While we were talking, I shared with her that my biggest pet peeve is when people don’t obey traffic laws.

“We live in a society governed by the rule of law!!” I proclaimed to Norah.

We all drive these expensive vehicles, and some people drive on the roads like they own the roads.

They don’t even seem to acknowledge that there are other people on the roads.

After my conversation with Norah, I recognized that my old nemesis road rage was attempting to claw its way back into my life.

I recognized that I had to dial up my vigilance against the enemy that sought to bring havoc, mayhem, and wrath back into my life.

One of the benefits of adding years to my soul is recognizing that some things are not worth the worry.

Robert Eliot gives us good guidance when he said the following:

Rule number one is, don’t sweat the small stuff.  Rule number two is, it’s all small stuff.

There are constant annoyances, irritations, and frustrations that we face daily.

Every day, I’m reminded of this as one of my children starts yelling in a fury at one of their siblings.

Most of the time, I wait until they resolve their differences.

Other times I recognize that it’s time for me to intercede into their fight.

The first thing I do is separate the fighting children and make them go to their respective rooms to cool down from the fight.

After a few moments, I enter the first child’s room and begin a conversation with them.

I’m playing the role of a detective at this point.

I want to find out what happened to cause disharmony in my household.

After talking with the first child, I then go to the other child’s room.

I continue with my investigation.

Most of the time, the argument started with a small incident.

Something was said, or something was done that hurt the other child’s feelings.

Most of the time, the initial offending word or deed was innocent.

Once someone became offended, things escalated quickly, and shouting ensued.

In the past, sometimes things went too far, and fists begin to fly.

Fortunately, we’ve been able to curb our children’s anger enough and taught them that hitting another person is not a valid choice.

One of the things my wife often repeats to our children is, “You always have a choice on how you react.”

Her words have been a reminder to me about my ultimate power.

I always have the power to choose how I will react.

Back when I lived in a world of road rage, I was instantly engulfed in fury at the slightest provocation of somebody else’s thoughtless driving.

It was as if I was standing in a pool of gasoline with a lit match that was dangling from my fingertips.

One small bump and I would drop the match, and a bonfire would ensue.

Now many years later, I’m glad I recognized the futility of living life with such a short fuse.

By allowing myself to jump into road rage so quickly, I was opening myself up to be overtaken by my circumstances.

Once I banished road rage from my life, I recognized a new calm in my life.

I began to see that the way I acted in one area of my life was indicative of the way I was choosing to live in other areas of my life.

The incidents that led to road rage were violations of what I viewed as acceptable human behavior.
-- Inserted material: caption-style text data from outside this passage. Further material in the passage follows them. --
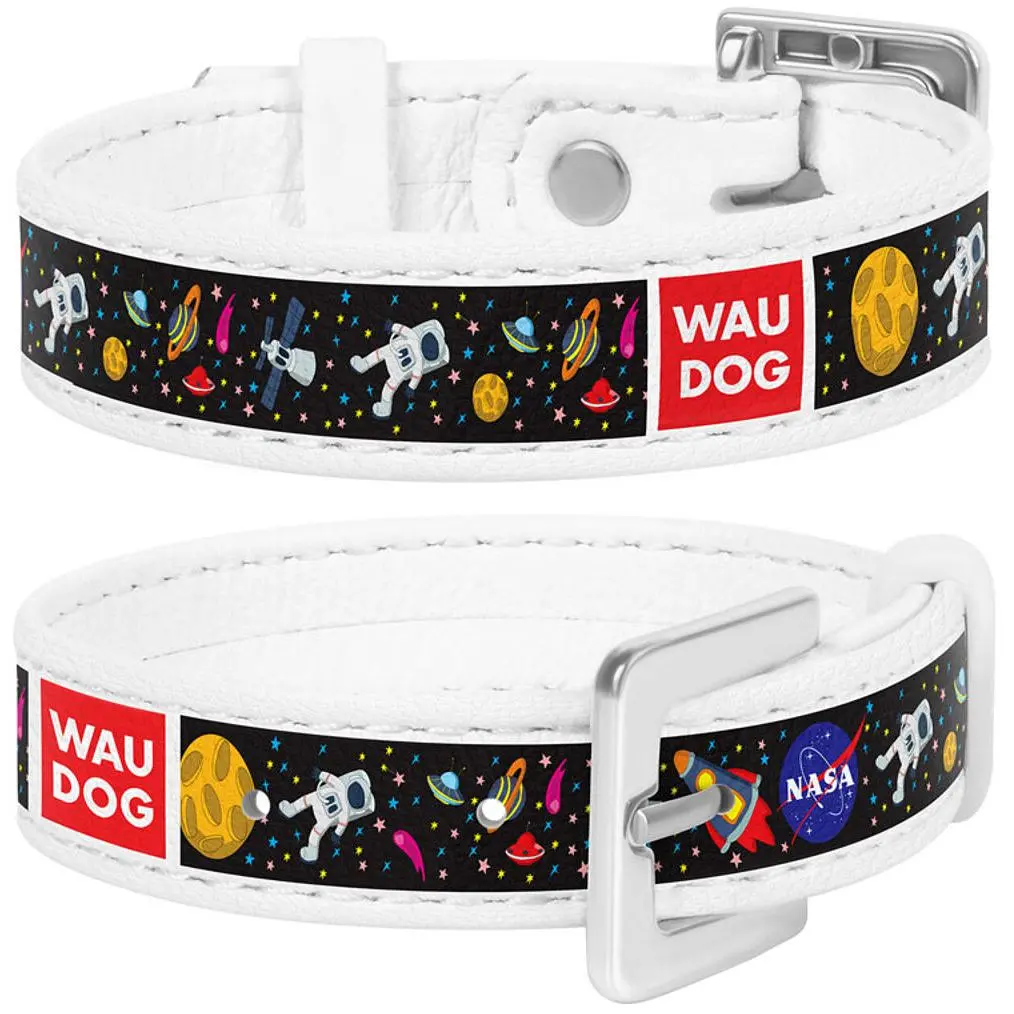 Браслет Waudog Design NASA, шкіра, 17-23х1,5 см, білий - фото 3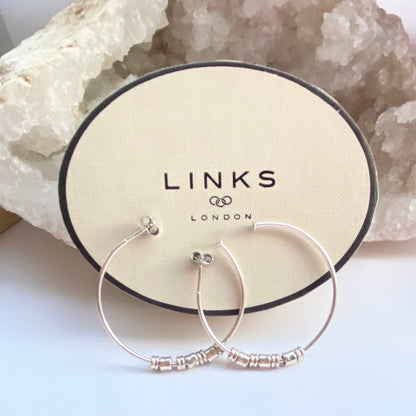 New Links of London Rare All Sorts Hoop Sterling Silver Earrings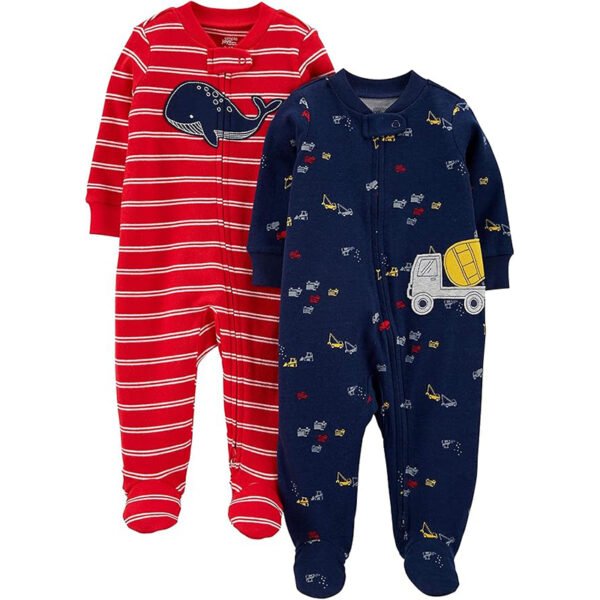 Simple Joys By Carter's Pacote Com 2 De Algodão Para Bebês Meninos, Para Dormir E Brincar, Caminhões Da Marinha Baleia Vermelha, 6-9 Meses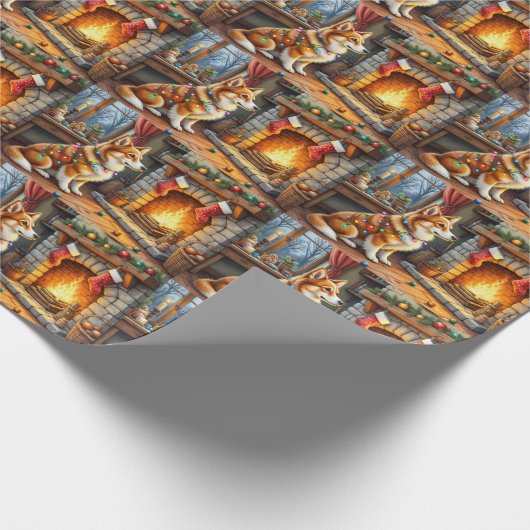 Papier Cadeau Azawakh Sitting by Fireplace with Christmas Lights (Coin)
I had become too rigid in what I viewed as acceptable.

This rigid adherence to the correct way of living life was too constraining.

It meant I was constantly on edge.

I had to be the vigilant warrior to protect the world from what I deemed were abuses of humanity.

My rigidity had become destructive to my well-being.

Over time, I’ve come to recognize that all the anger that ensued from reacting to daily annoyances was draining the life force out of me.

I conclude that the anger and aftereffects of anger simply weren’t worth it.

It was time to recognize and live the words of Robert Elliot.

Rule number one is, don’t sweat the small stuff.  Rule number two is, it’s all small stuff.